## What to do
Leave out every picture, and output exactly the lines from the line containing "24530 W Flores Dr — Photo 9" through the last line of the data.

## Data for this exercise
*** Begin section ***

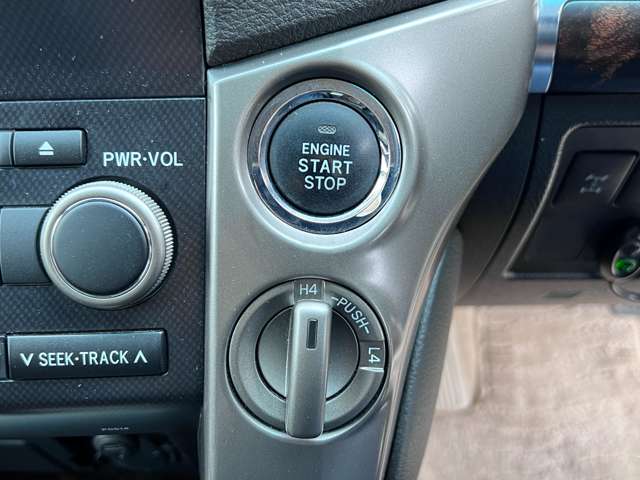 U00041986132_60_001.jpg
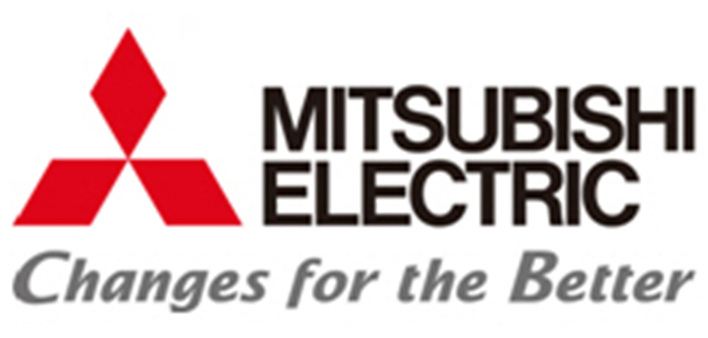 Mitsubishi Electric übernimmt Climaveneta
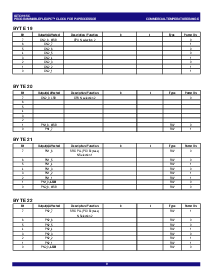 ͺ[name]Datasheet PDFļ9ҳ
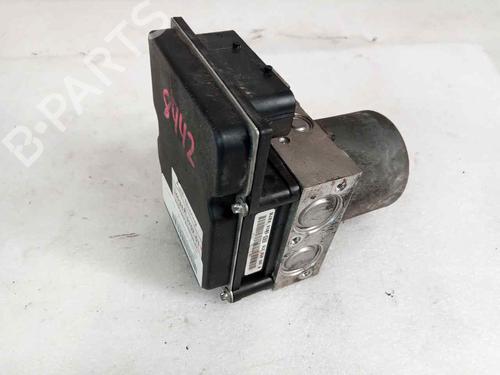 ABS pump BMW 5 Touring (E61) 535 d | BP22798463M43 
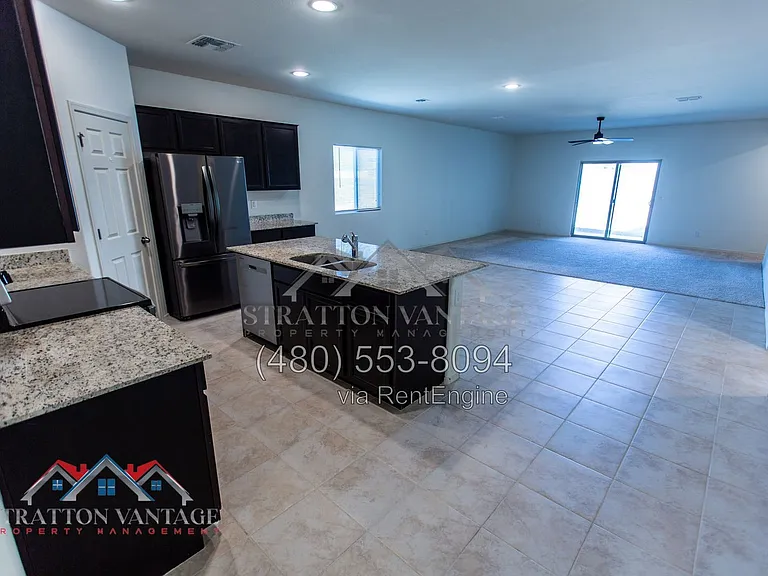 24530 W Flores Dr — Photo 9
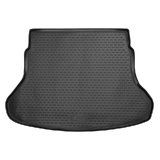 Custom Moulded Cargo Boot Liner Suits Hyundai Accent Sedan 2017-On EXP.ACC.TR.TOH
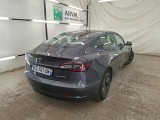  Tesla  Model 3 TESLA  / 2018 / 4P / Berline Grande Autonomie Dual Motor AWD #4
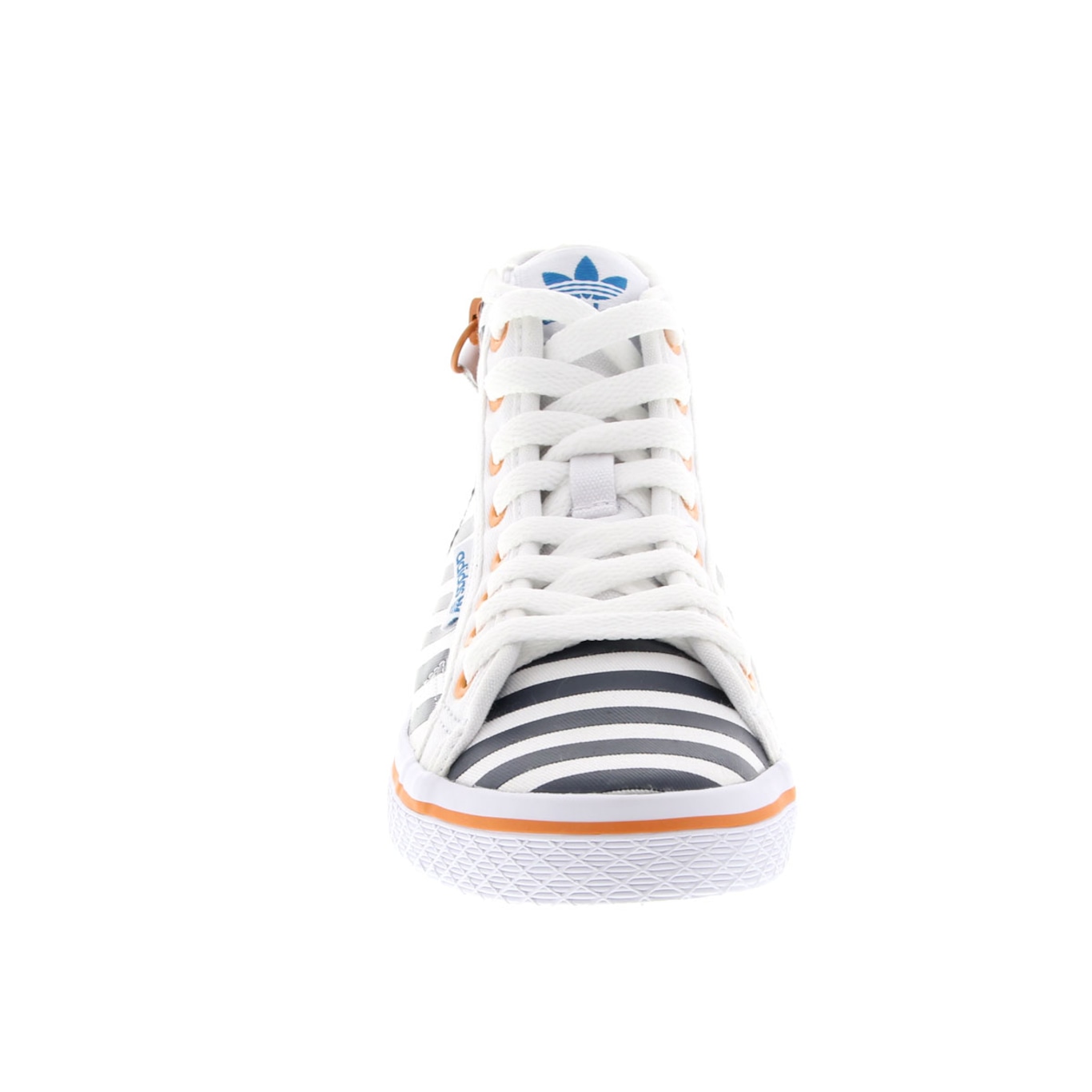 T nis adidas Honey Sling Feminino Centauro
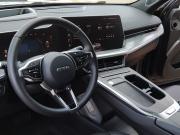 Haval F7 II Екатеринбург  - изображение 54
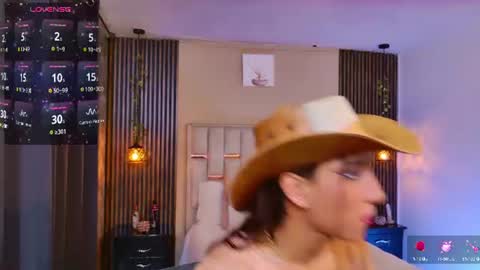 nathan smithh online show from June 26, 7:27 pm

*** End section ***

## Response to the task
 24530 W Flores Dr — Photo 9
 Custom Moulded Cargo Boot Liner Suits Hyundai Accent Sedan 2017-On EXP.ACC.TR.TOH
  Tesla  Model 3 TESLA  / 2018 / 4P / Berline Grande Autonomie Dual Motor AWD #4
 T nis adidas Honey Sling Feminino Centauro
 Haval F7 II Екатеринбург  - изображение 54
 nathan smithh online show from June 26, 7:27 pm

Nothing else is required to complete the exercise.